In Exodus 33:20, God tells Moses that no man can see Him and live. We cannot fathom God as He is. He is infinite and our minds are finite so He comes to down to us on a level that we can comprehend. God condescends to our understanding.

So, in this passage, God came to Abram in a vision.

Side note:
This is a descriptive passage and not a prescriptive passage. Descriptive means that something is being described. It is a retelling of what actually occurred. A prescriptive passage is instructing. It is telling what should be done or expected. In regard to this passage, this is describing a meeting between God and Abram. This is not a practice we should expect to also play out in our own lives. We should not expect to have visions in which we meet with God. We meet with God by reading His Word and through prayer. He speaks to us through His inspired Word and we speak to Him through prayer.

“Do not fear, Abram,”

We are not told why Abram was told not to fear. Some theologians have speculated that Abram might fear retaliation from the nations he had just defeated. Some suggest that maybe Abram was having fear and anxiety in how God was going to fulfill His promise of giving Abram a large family and land when he was so old. Maybe he was startled and fearful of seeing a vision of God. In Scripture, every time someone encounters an angel, it is recorded that the person is afraid of the angel. If an angelic being is enough to spark fear in the hearts of even righteous men, can you imagine what seeing God, even in a vision, might be like? However, this is not something that is revealed to us in this passage. All we know is that God tells Abram not to be afraid.

There are two types of fear in Scripture. One type we are commanded to have, a fear of God. In Proverbs 1:7 we read, “The fear of the LORD is the beginning of knowledge.” This type of fear is an awe, a reverence, a respect. It is the type of fear you may have toward your parents, your boss, the authorities in your life.

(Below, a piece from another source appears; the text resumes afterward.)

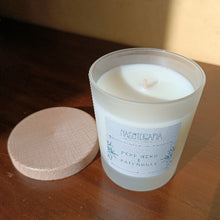 Carica l'immagine nel visualizzatore di Gallery, Candela profumata Pepe Nero e Patchouly Nasoterapia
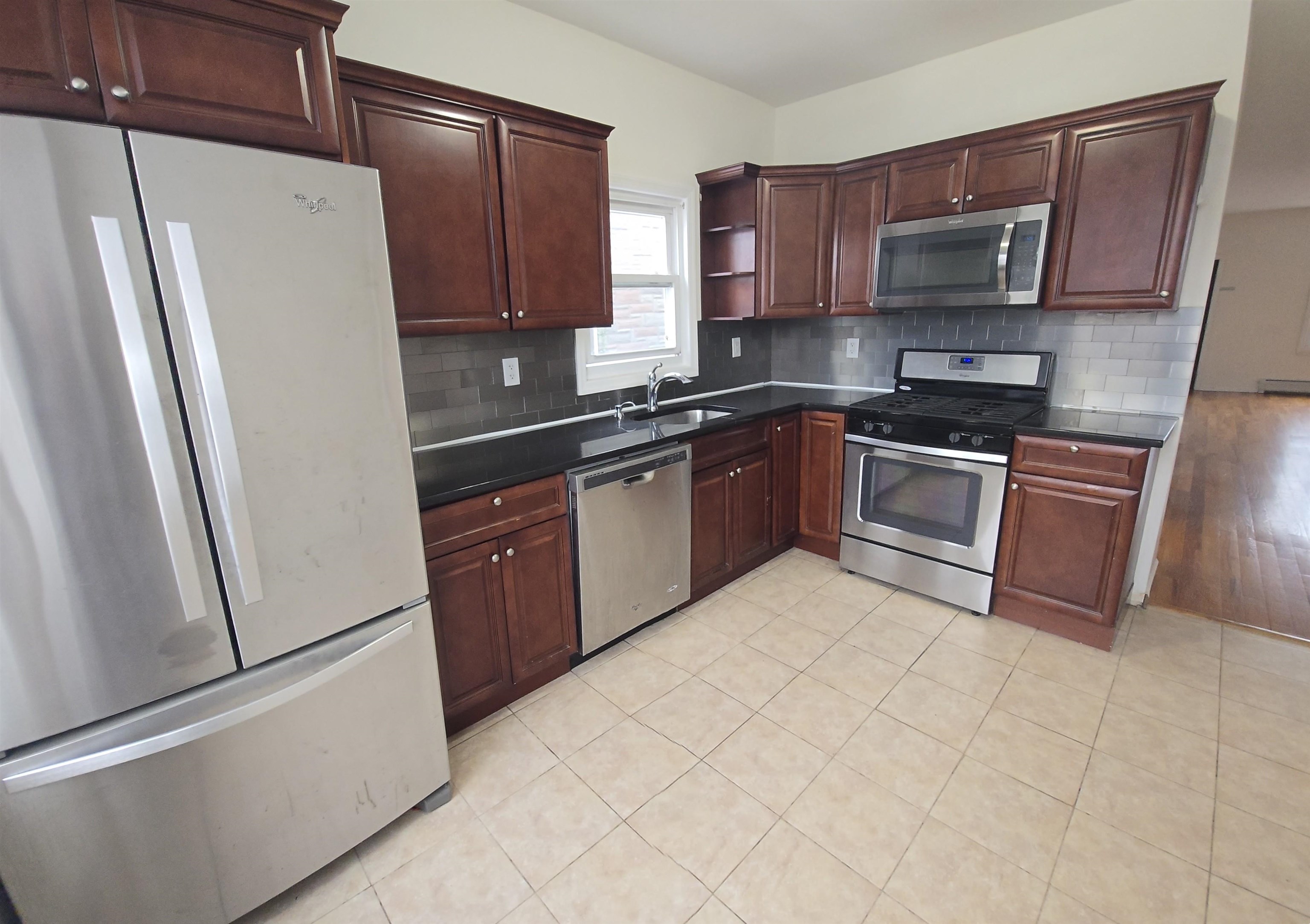 Bayonne, New Jersey 07002, United States, 3 Bedrooms Bedrooms, ,2 BathroomsBathrooms,Residential,Active,256559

The fear here is a misplaced fear. It is fretting. It shows a lack of trust in the Lord. There are many passages throughout Scripture that encourage us to not have this type of fear and to trust in the Lord. Isaiah 35:4 says, “Take courage, fear not. Behold, your God will come with vengeance; The recompense of God will come, But He will save you.” In John 14:27, Jesus instructs His disciples saying to them, “Peace I leave with you; My peace I give to you; not as the world gives do I give to you. Do not let your heart be troubled, nor let it be fearful.” In Joshua 1:9, the Lord told Joshua, “Be strong and courageous! Do not tremble or be dismayed, for the Lord your God is with you wherever you go.”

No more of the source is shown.